The 3 boards I have access to (SMDK5420, Chromebook Peach-Pi and
Chromebook Peach-Pit) work fine with MCPM enabled. I am not sure why
it is failing only on the above mentioned boards as there is nothing
specific to them in the MCPM back-end.

I assume that when you default to platsmp (on disabling MCPM), the
non-working boards boot all cores upto userspace without any issues ?

Based on the timeline (problems started about 2.5 months back), there
have only been a couple of changes in the 5420 MCPM back-end. Could
you revert the following commits and check if things improve.

20fe6f9 ARM: EXYNOS: Support cluster power off on exynos5420/5800
fbb0499 ARM: 8083/1: exynos: activate the CCI on boot CPU/cluster
using the MCPM loopback

These might not revert cleanly, so instead of the above you could also
comment the following 2 lines:





If you still get aborts then I suspect that the problem is with the
bootloader configuration but am not sure.

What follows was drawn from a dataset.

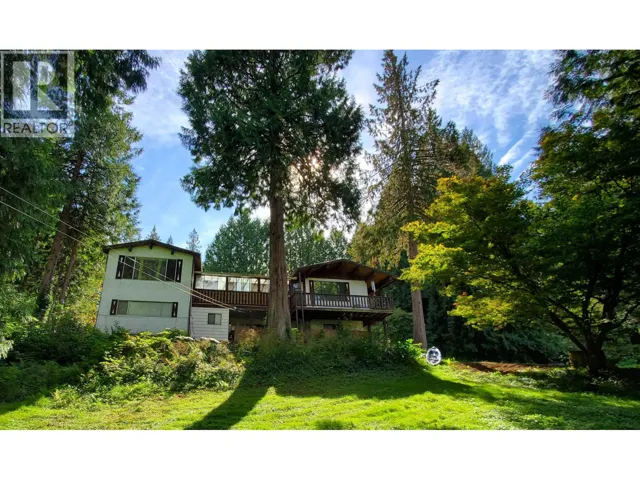 25855 112 AVENUE, Maple Ridge, British Columbia V2W1H1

I am OK with disabling
5420_MCPM in the default configuration in such a case. This would
however mean that S2R also stops working by default on 5420.

Regards,
Abhilash
>
> Kevin
>
> _______________________________________________
> linux-arm-kernel mailing list
> linux-arm-kernel@lists.infradead.org
> http://lists.infradead.org/mailman/listinfo/linux-arm-kernel

Comments

Kevin Hilman Nov. 26, 2014, 1 a.m. UTC | #1
Hi Abhilash,

Abhilash Kesavan <kesavan.abhilash@gmail.com> writes:

[...]

>>> To be honest, since I don't have the exynos5420 arndale, chromebook...but smdk
>>> which has different bootloader, I couldn't test it...I'll try to make a test
>>> farm like you guys...
>>
>> Do you have some colleagues with any other 542x hardware?  I had
>> assumed that linux-next was being better tested on the publicaly
>> available, and widely available boards like odroid-xu3 and
>> Chromebook2, but I've come to realize the hard way that that is not
>
> Are you seeing this on Chromebook2 (Peach-Pi 5800) too ?

No, it seems that my exynos5800-peach-pi is not having this problem,
which suggests it's a bootloader setup issue.

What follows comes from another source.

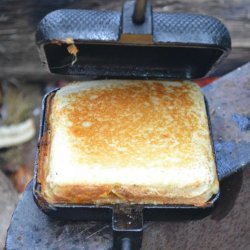 Grilled Cheese Sandwich Pie!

>> the case.  You mention your board has a different bootloader.  Do you
>> suspect there's a bootloader issue on these other platforms?  If so,
>> could you elaborate on possible fixes?  I'm more than willing to test
>> any proposed fixes, but I'm not familiar enough yet with these SoCs to
>> figure out the underlying issues alone.
>>
>> Until you have a working board farm, you could start having a closer
>> look at the boot logs we're already producing.  Admittedly linux-next
>> broken in many ways besides this one for exynos currently, but it has
>> been having these imprecise aborts well before the other recent
>> issues.
>>
>> Also, It's very possible that this issue is not even MCPM related at
>> all, and MCPM is just uncovering a previously hidden bug.  It would be
>> very helpful if people more familiar with this hardware and SoC would
>> investigate bug reports like these.
>
> The 3 boards I have access to (SMDK5420, Chromebook Peach-Pi and
> Chromebook Peach-Pit) work fine with MCPM enabled. 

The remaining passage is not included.